Jan Gordon, “A Step-Ladder to Painting

Question: What kind of pictures are you coloring?

Answer: It almost doesn’t matter. In The Unthinkable Mind Class we’re using images from dollar-store coloring books, Sesame Street characters, Batman, Rappers, Hello Kitty, screaming teddy bears holding knives, The Creature, Astro Boy, My Little Pony, Gorillaz, very bad mermaid drawings, Pokemon, and many other images you’ll easily find if you search for ‘coloring pages’. Pick four pictures and print them out on different kinds of paper. Rougher paper is better but even copier paper will work. Buy a box of 24 crayons. Color those crayons down and peel the paper down in order to color some more. Cover the whole page and notice what happens as you color — move from satisfaction to frustration to satisfaction to confusion to worry to satisfaction again, but keep going until the page is fully covered. Put them up on the refrigerator and stare at them. What just happened?”

So, where to begin? This class seems awesome, one that springs from a preadolescent curiosity that could potentially lead to mature academic realizations. I’ve never really thought about the way doodling and coloring can help enrich the brain and naturally spark recollection. Maybe it’s my misplaced sense of adult skepticism.

The class is a bit of a touchy-feely approach to curriculum. (Parents paying tuition may wonder: Seriously?) But Barry seems in-tune with her subject matter. It’s a good sign when a class is sure to mention, “what we’ll be doing will be anything but childish,” and then adds, “USE UP YOUR CRAYONS.”

Here humble doodling graduates to collegiate-level discourse, as free-writing clears your mind for ideas to float in. This is insanely cool. The syllabus definitely (and literally) illustrates that. The first thing the class does is watch a 10-minute clip of Carl Sagan talking about the brain. Sign me up.

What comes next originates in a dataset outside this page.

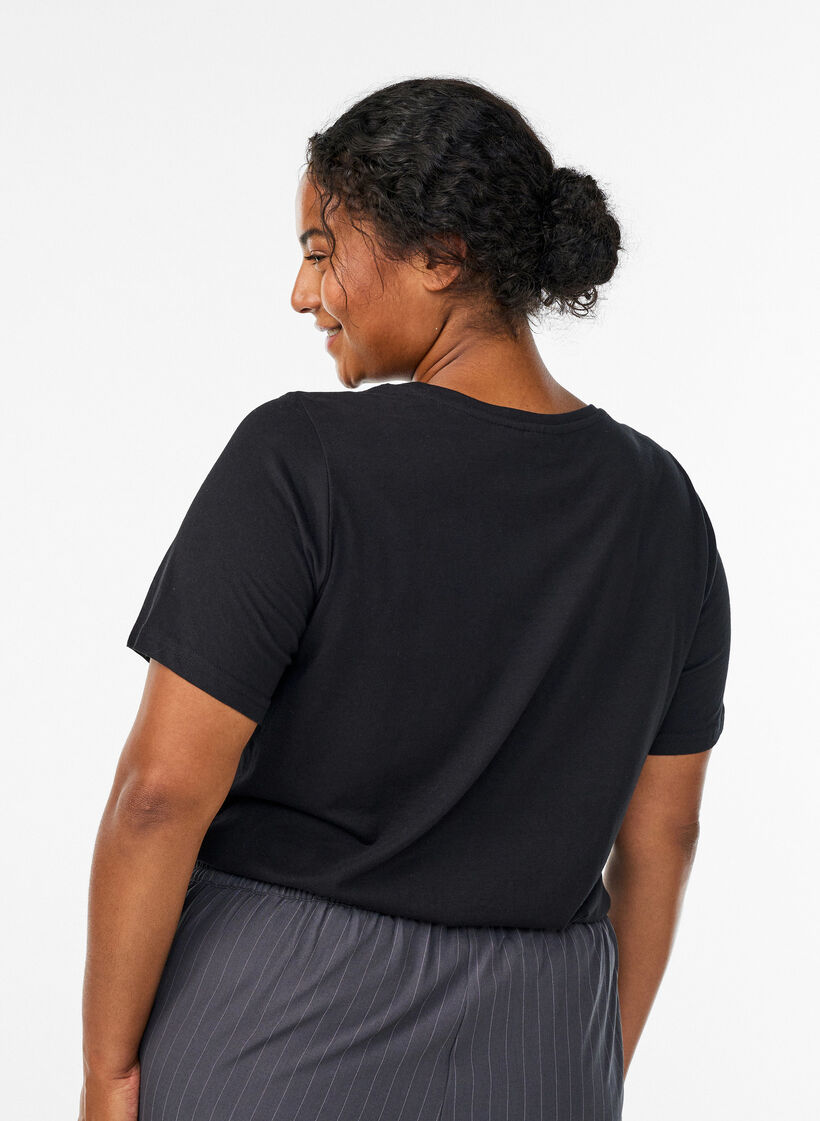 T-shirt with motif, Black, Model image number 2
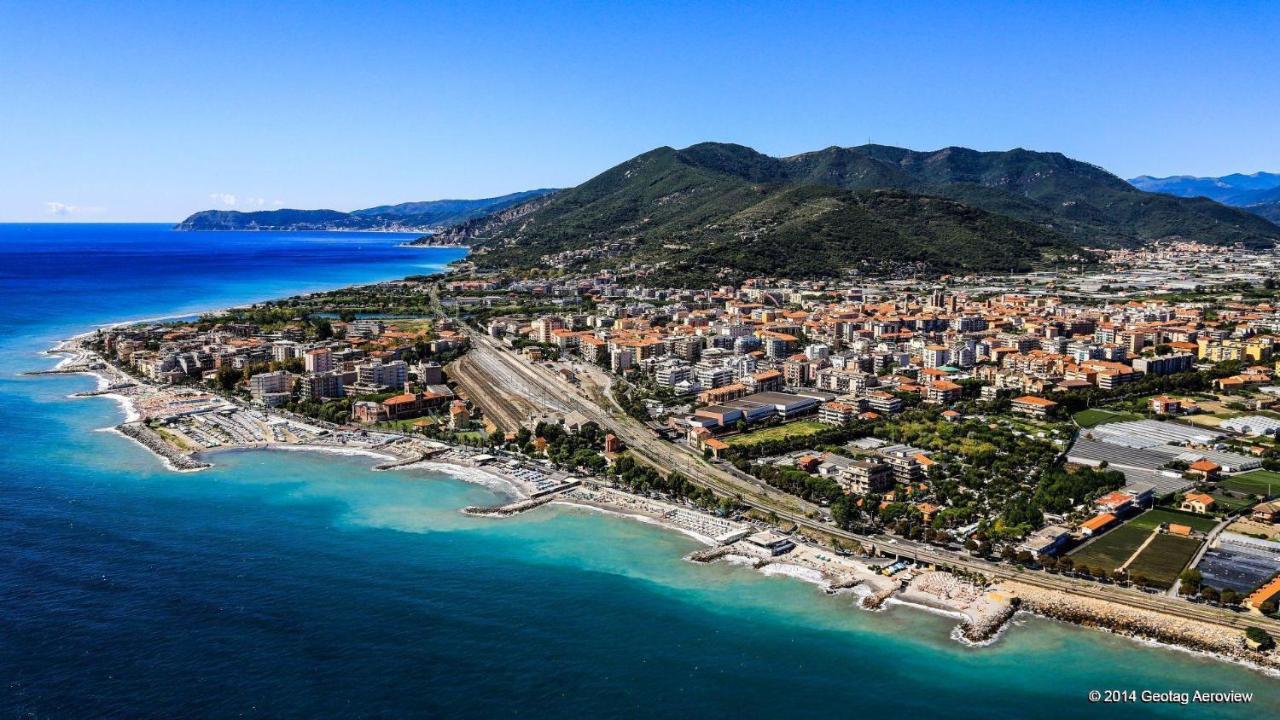 Ferienwohnung Delizioso Trilocale A Due Passi Dal Mare Di Albenga Exterior foto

And being reprimanded for potential class infractions never seemed so fun. You almost want to be late to class three times just to see what kind of graphic representation of a lower grade would look like from Barry. Also, it could just be a simple typo, but the word “learn” in the first point is spelled incorrectly typifies the class’ laid-back approach. The initial syllabus handout is full of cartoons on a yellow legal pad, so you have an idea of what you’re going to get.

We we can tell, the class is still being taught. The Tumblr for the class, called “The Near-Sighted Monkey,” is still active. You can see the coloring pages of students who previously took the class with Barry and more. Also, Barry even wrote a book about her experience as a professor called Syllabus: Notes From an Accidental Professor, so the story behind this class is still very much being told.

P.S., Her extra credit question is hilarious. The answer is that he’s probably from an alien world since his accent is unlike anything on Earth, but he was really born in Brooklyn.